E, entretanto, o mundo dos livros é essencial para a luta política. Nele nascem como puras idéias, aquelas que se transformam em idéias-forças. Estas idéias-forças transformam a sociedade ou, ao contrário, ajudam-na a se enrijecer. O melhor exemplo do primeiro caso é Marx. Cansado de debates filosóficos, não queria mais pensar a sociedade, mas transformá-la. Passou de aprendiz de filósofo a mentor de revoluções.

Formas elementares do mundo dos livros são as categorias, os conceitos e os juízos. Mesmo quem lê romance apenas para se divertir formula juízos (do tipo gostei, não gostei). Esses juízos se baseiam na instrução do leitor, na sua personalidade, sensibilidade, situação de classe etc. não há juízos puros.

Um dos conceitos políticos do mundo dos livros é “clássico”. Diz-se, por exemplo, “Os Lusíadas é o maior clássico da nossa língua”. Muitos professores de colégio atormentam adolescentes com a obrigação de ler os “clássicos”. Alguns, para amenizar a tarefa, indicam adaptações em que certas passagens mais difíceis são digeridas para fruição dos alunos.

Mas o que é “clássico”?

Clássico, em primeiro lugar, é o que é de classe. Não qualquer classe, mas da classe dominante. É ela a formadora de opinião e gosto, apresentando essa opinião e esse gosto como a opinião certa e o bom gosto. Esse significado se vê melhor no campo da música. Música clássica é a música erudita, sinfônica, de origem européia – que, em muitos casos, é de origem popular. A outra é apenas música popular.
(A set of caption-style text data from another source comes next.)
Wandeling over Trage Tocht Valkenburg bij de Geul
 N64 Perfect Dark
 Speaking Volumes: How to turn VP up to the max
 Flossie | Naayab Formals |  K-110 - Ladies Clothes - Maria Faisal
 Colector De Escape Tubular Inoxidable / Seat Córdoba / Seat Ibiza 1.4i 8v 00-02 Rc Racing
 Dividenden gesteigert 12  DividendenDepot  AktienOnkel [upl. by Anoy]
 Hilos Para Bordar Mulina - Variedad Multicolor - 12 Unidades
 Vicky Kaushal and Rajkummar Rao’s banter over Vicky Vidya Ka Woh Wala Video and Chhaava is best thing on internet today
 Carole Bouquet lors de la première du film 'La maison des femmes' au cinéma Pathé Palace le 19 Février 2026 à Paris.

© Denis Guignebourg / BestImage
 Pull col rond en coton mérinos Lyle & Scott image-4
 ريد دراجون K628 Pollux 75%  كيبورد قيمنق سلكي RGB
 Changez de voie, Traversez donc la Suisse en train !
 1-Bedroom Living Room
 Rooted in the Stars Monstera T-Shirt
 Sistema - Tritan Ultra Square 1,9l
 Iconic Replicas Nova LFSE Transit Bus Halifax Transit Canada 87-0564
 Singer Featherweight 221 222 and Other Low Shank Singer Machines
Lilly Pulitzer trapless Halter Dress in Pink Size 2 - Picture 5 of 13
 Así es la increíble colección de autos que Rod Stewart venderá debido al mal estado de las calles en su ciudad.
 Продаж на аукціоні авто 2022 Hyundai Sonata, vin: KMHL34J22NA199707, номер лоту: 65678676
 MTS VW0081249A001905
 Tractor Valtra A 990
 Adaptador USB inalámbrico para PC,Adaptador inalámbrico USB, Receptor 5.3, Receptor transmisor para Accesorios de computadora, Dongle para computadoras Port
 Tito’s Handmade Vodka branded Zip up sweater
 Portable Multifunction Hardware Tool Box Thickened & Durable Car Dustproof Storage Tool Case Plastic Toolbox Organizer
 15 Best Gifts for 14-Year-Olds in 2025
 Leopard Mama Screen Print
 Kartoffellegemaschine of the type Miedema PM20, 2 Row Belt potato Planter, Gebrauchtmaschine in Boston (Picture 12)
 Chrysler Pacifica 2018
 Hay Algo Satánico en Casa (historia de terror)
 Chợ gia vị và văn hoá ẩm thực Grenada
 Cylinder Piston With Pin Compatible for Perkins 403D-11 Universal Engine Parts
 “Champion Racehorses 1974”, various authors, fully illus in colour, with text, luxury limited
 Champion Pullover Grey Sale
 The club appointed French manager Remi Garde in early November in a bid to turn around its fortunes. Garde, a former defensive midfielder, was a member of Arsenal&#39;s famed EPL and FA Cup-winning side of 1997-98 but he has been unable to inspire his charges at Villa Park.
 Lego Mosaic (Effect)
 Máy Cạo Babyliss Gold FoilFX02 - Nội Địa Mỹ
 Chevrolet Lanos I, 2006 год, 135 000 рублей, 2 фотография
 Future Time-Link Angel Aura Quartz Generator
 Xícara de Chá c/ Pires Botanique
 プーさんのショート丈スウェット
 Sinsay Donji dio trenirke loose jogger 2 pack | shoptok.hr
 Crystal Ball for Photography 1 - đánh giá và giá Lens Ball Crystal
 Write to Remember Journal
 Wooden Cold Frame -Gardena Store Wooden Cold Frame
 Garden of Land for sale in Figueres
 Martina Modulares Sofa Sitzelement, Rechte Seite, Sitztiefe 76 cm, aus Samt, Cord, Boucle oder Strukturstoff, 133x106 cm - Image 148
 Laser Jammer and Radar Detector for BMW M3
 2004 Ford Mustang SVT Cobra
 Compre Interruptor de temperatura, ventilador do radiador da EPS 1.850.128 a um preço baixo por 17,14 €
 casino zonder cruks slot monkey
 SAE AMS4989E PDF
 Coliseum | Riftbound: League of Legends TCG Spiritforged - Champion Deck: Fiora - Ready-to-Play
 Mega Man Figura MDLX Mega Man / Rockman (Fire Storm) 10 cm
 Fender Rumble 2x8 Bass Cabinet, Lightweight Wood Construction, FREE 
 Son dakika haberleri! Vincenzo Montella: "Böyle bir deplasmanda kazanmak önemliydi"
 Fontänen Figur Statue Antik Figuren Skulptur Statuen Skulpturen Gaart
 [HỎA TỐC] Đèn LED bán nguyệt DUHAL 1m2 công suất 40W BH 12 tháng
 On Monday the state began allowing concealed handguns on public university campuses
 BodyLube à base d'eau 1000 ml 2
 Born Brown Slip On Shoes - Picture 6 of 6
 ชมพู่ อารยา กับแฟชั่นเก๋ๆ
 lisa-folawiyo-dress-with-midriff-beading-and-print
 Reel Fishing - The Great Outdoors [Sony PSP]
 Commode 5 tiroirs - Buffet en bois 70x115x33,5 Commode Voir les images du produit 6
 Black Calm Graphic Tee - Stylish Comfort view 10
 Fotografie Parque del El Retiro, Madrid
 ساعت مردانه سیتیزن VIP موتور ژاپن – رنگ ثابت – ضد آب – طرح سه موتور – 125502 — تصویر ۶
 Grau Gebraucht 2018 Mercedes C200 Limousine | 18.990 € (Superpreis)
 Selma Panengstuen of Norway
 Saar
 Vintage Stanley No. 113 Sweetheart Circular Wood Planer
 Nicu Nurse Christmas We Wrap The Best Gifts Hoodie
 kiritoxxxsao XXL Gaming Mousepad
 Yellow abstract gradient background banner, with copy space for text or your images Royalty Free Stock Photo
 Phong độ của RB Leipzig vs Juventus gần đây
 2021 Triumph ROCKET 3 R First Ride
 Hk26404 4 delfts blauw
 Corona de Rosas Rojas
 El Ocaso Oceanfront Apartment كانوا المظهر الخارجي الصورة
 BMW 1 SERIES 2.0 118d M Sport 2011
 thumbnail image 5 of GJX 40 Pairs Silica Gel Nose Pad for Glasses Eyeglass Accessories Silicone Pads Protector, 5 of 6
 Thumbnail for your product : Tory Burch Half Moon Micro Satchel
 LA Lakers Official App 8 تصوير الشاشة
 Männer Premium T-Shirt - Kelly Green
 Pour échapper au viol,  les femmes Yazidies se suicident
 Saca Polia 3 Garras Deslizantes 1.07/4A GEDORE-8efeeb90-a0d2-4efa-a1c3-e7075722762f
Em segundo lugar, clássico é o que deve ser imitado. Quem quer ser escritor, ou crítico, ou mesmo professor de literatura, deve começar lendo os clássicos – A Odisseia, a Eneida, o Don Quixote e, se for brasileiro, O Guarani, Dom Casmurro etc. nunca será possível repetir o talento de um clássico, escrever como Lima Barreto é impossível, mas dificilmente alguém será um bom escritor se não tentar, conscientemente ou não, se colocar à altura dele.

Esses dois significados de clássico não esgotam a definição. Clássico também é também o livro que sintetiza, em cada época, o saber que a sociedade acumulou. Esse saber deveria estar à disposição de todos – letrados, analfabetos, acadêmicos, trabalhadores. Um exemplo é Os Sertões, de Euclides da Cunha. Nesse clássico o Brasil se colocou, pela primeira vez, diante do espelho.